Columnist: Their greatest stories were their very own

Published 9:56 am Wednesday, July 29, 2009

As journalists, we all have those dream interviews. Those people we could probably never be lucky enough to sit across from in a quiet room for a short moment in time to get a peek inside their wondrous minds.

Two of my dream interviews died last week.

When it comes to Walter Cronkite, there are plenty to account for him better than I. Of how he was trusted. Of how he got it right. Of how so much has changed since the days when so many would sit at home and watch the news unfold under Walter’s watchful eye.

So much so, that in a small way, my own thoughts seem insignificant.

The first exposure I ever had to Walter Cronkite was not in his voice but in his words.

You couldn’t get interested in journalism and not check out the father of the craft.

So I searched for him, pulled articles and books and sat inside a campus library and decided that I wanted to do what he did. Report back to the world on the world.

Cronkite didn’t just comment. He described scenes, he smelled the air and he wanted those who were listening to him to not only hear him – but understand the world that was going on around them and maybe farther off the beaten paths.

From the streets of Dallas on what would be one of the country’s most sorrowful days, to one of its most violent in the streets of Chicago, to the jungles of Vietnam to the moon … it wasn’t enough for America to sit down and turn on their television every night. Not for Cronkite. He asked of America – not for their trust – but for their duty.  A duty to understand what was happening in their world.

So as to better live in it.

Had I had the chance to meet my journalistic hero, I’d ask him, how do we get that back?  How do we do it better? How do we get the American people to differentiate those who are just here doing a job because someone told them they could, from those who love the honor and the duty and the mission of journalism? How do we get them to care? And I would probably be too mystified by him to even remember everything he said. And I would probably walk off a little blown away.

And I would go get grounded by Frank McCourt.

The truth is … it really was McCourt that solidified me as a writer.

It was the film adaptation of McCourt’s memoir, “Angela’s Ashes.”

It was as a young, hopeful McCourt, a tumultuous childhood behind him, faces the edge of America.

I identified with McCourt, the way he was so aware. Of misery, of circumstance, of hope and hopelessness. How he could see the beauty for the faults in people. I identified with some of his Irish traits… “When people were generous,” he said of his Irish upbringing, “they did it in a very rough way. There was to be no sentiment, no emotion. It was a way of protecting yourself.”

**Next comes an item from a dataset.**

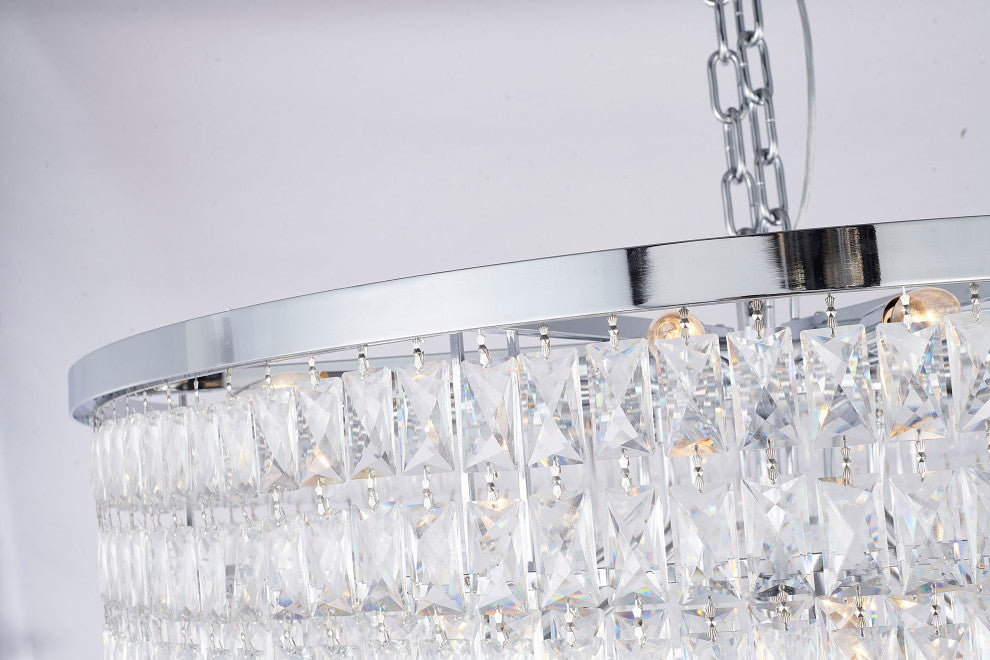 32" Chrome Metal 7-Tier Chandelier With Clear Crystals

McCourt loved words. “That was an important part of our lives,” he said. “The language.” Books were scarce, his world was small and burdened and I identified. He longed for America to cultivate his ideas and his desire to write.

But as a writer, as a teacher, as a person – McCourt embodied the point. That to move forward in one’s life is not to turn a back on what has been or what it really was. Images of coffins and sickness and destitution, McCourt gave them beauty and triumph in his own way. His greatest story – was his own.

They say write what you know … but if you’re anything like me, you think what you know is so little, so inconsequential, so insignificant that it would never be worth writing about.

Why on earth would you ever write what you know? So you figure, the problem is that you simply need to know more, do more, see more, live more.

In actuality, that’s not the case. In actuality it is a beautiful story, the lives we live, the worlds we live in. Even when they’re draped in misery or trouble or hardship.

I find it symbolic … as he longed for America to help him find his lot in life and I’m facing a flight to his Ireland keeping my eyes open for mine. Eager to tell all of the stories when I get back with the duty of a journalist and the heart of a writer.

If I had a chance to sit with McCourt, I’d say simply, thank you.